= Beginning of Section =

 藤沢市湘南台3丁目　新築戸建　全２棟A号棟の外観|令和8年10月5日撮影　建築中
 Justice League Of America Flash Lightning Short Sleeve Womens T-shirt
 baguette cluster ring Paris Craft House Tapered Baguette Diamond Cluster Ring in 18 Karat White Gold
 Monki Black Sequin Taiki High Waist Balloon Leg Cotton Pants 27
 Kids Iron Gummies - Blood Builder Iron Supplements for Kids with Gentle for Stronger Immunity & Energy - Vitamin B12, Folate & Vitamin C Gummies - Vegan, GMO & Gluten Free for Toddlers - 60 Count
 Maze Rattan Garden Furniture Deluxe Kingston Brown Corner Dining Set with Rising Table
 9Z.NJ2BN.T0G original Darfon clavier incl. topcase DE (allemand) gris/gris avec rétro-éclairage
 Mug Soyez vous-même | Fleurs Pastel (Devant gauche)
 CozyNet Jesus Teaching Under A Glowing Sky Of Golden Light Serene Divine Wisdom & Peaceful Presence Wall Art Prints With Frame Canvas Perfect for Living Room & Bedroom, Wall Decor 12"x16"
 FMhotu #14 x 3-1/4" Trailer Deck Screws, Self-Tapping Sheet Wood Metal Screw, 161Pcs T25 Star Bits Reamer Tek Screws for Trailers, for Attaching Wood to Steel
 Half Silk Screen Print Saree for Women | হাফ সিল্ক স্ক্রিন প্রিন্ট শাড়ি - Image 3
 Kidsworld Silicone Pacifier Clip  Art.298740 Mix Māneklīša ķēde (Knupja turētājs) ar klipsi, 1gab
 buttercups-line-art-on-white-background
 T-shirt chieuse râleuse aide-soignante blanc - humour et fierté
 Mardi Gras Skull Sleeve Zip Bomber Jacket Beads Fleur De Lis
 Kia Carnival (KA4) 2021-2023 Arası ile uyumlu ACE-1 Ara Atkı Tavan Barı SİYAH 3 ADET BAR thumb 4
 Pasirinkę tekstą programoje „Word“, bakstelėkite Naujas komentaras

= End of Section =

# PROBLEM TO WORK ON:
Search the entries for the word "Sleeve". Copy each line where it appears.

# RESPONSE TO THE EXERCISE:
 Justice League Of America Flash Lightning Short Sleeve Womens T-shirt
 Mardi Gras Skull Sleeve Zip Bomber Jacket Beads Fleur De Lis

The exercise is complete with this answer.